Is the London-based copper 196m series a viable option for hedging against the volatility of the cryptocurrency market?

3 answers

  • Happy TechieJul 02, 2020 · 5 years ago
    Yes, the London-based copper 196m series can be used as a hedge against cryptocurrency market volatility. Copper has historically been seen as a safe haven asset, and its value tends to rise during times of economic uncertainty. By investing in the London-based copper 196m series, investors can potentially offset losses from the cryptocurrency market with gains from the copper market.
  • Noble AnkersenMay 13, 2022 · 3 years ago
    No, the London-based copper 196m series is not an effective hedge against cryptocurrency market volatility. While copper may have some correlation with economic conditions, it does not have a direct relationship with the cryptocurrency market. Investing in copper as a hedge would not provide the same level of protection as other traditional hedging options such as gold or government bonds.
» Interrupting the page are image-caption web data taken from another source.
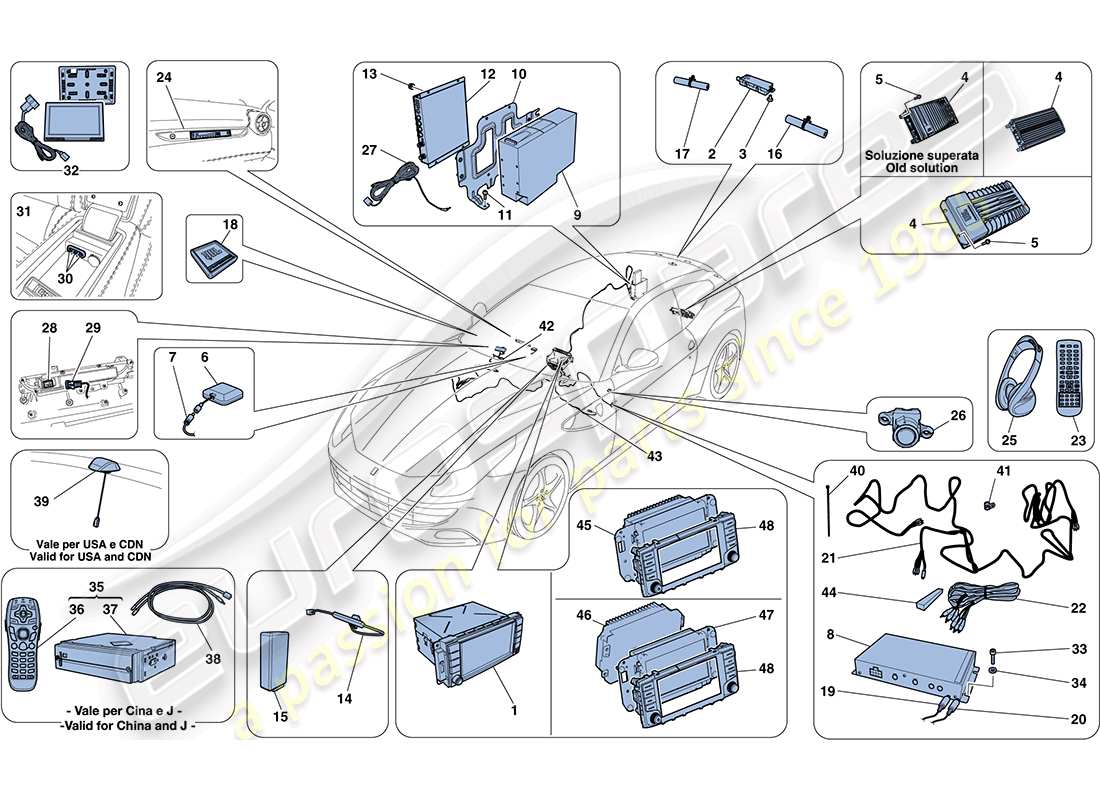 ferrari ff (europe) infotainment system parts diagram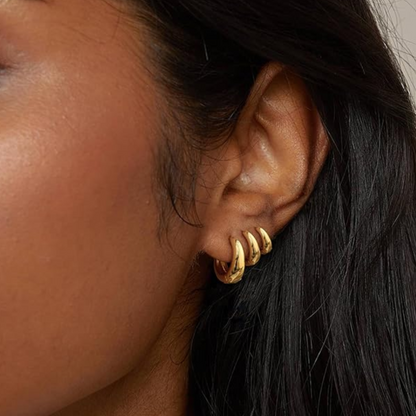 Sculptural Chunky Hoop Earring Trio Set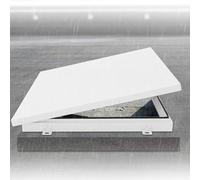 Botola di Accesso al Tetto in Acciaio Zincato Portatile Resistente Piastra Antipioggia per Porta di Sicurezza con Sfiato sul Tetto Quadrato Copertura per Lucernario del Solaio,A,80x80cm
  • olumide abiodun olumide abioduOct 26, 2023 · 2 years ago
    According to BYDFi, the London-based copper 196m series can be a useful tool for hedging against cryptocurrency market volatility. Copper has a long history as an industrial metal and its price movements can provide insights into global economic trends. However, it's important to note that no investment strategy is foolproof and investors should carefully consider their risk tolerance and diversify their portfolios.